## Assigned task
Set down again exactly the lines of the listing below that fall between the line holding "現行モデル LOUIS VUITTON ルイヴィトン キーケース マヒナ マグノリア" and the line holding "415 Dogwood Road - Photo 12", inclusive.

## Input data
┄┄┄┄┄┄┄┄┄┄┄┄┄┄┄┄┄┄┄┄

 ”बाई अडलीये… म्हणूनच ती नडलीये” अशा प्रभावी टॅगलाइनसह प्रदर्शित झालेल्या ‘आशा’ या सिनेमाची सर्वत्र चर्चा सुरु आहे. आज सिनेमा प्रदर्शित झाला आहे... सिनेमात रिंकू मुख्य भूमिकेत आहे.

┄┄┄┄┄┄┄┄┄┄┄┄┄┄┄┄┄┄┄┄

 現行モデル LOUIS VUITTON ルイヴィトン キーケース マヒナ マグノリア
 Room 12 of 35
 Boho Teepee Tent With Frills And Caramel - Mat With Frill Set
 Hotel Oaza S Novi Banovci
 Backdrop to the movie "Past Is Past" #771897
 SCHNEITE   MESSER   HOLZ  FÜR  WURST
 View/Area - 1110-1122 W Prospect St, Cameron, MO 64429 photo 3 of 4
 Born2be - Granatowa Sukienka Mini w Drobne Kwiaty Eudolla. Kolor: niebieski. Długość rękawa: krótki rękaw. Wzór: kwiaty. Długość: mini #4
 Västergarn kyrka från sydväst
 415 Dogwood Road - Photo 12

┄┄┄┄┄┄┄┄┄┄┄┄┄┄┄┄┄┄┄┄

## Solution for this task
 現行モデル LOUIS VUITTON ルイヴィトン キーケース マヒナ マグノリア
 Room 12 of 35
 Boho Teepee Tent With Frills And Caramel - Mat With Frill Set
 Hotel Oaza S Novi Banovci
 Backdrop to the movie "Past Is Past" #771897
 SCHNEITE   MESSER   HOLZ  FÜR  WURST
 View/Area - 1110-1122 W Prospect St, Cameron, MO 64429 photo 3 of 4
 Born2be - Granatowa Sukienka Mini w Drobne Kwiaty Eudolla. Kolor: niebieski. Długość rękawa: krótki rękaw. Wzór: kwiaty. Długość: mini #4
 Västergarn kyrka från sydväst
 415 Dogwood Road - Photo 12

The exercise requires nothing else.